With this matrix, I have to show that the scalar $\alpha$ must be positive and the $n \times n$ matrix $A$ must be positive definite.

My attempt:

Given that the matrix $B$ is positive definite, we know that

$$ \begin{bmatrix} x_1 & \vec{x_2} \end{bmatrix} \cdot \begin{bmatrix} \alpha & a^T \\ a & A \end{bmatrix} \cdot \begin{bmatrix} x_1 \\ \vec{x_2} \end{bmatrix} > 0 $$

and therefore

$$\alpha x_1^2 + 2ax_1\vec{x_2} + A\vec{x_2}^2 > 0$$ $$\alpha x_1^2 + 2ax_1\vec{x_2} + \vec{x_2}^TA\vec{x_2} > 0$$

We know that $\alpha$ must be positive because if $\alpha$ was negative then there would exist some vector $x$ such that $\alpha x_1^2 + 2ax_1\vec{x_2} + \vec{x_2}^TA\vec{x_2} \leq 0$. We also know that $A\vec{x_2}^2 > 0$ by the same reasoning.

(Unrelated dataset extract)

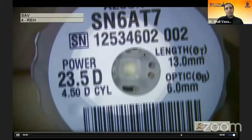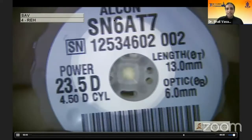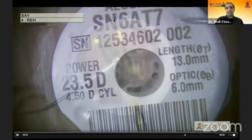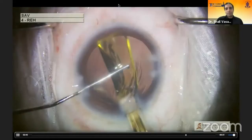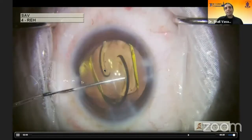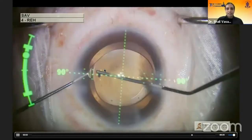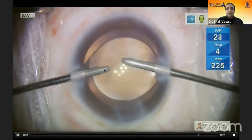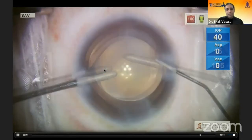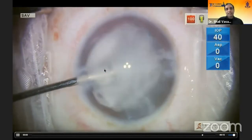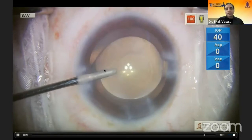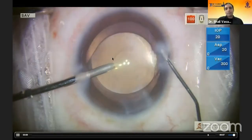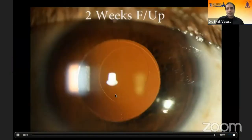We now have an intact anterior and posterior capsulorhexis. This patient required high astigmatism correction, so a T7 toric IOL was planned. Because we have strong margins, in-the-bag implantation is still viable. The stability of these IOLs is well known, even in open posterior capsules — we have publications on pediatric toric cataract with open PCCC. The patient was followed up at six months without any rotation or decentration.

As a result, matrix $A$ must be positive definite since we know that

$$ A\vec{x_2}^2 = \vec{x_2}^TA\vec{x_2} > 0 $$

which is the definition of a positive definite matrix.

Would this proof work for showing that $\alpha$ is positive and that $A$ is a positive definite matrix?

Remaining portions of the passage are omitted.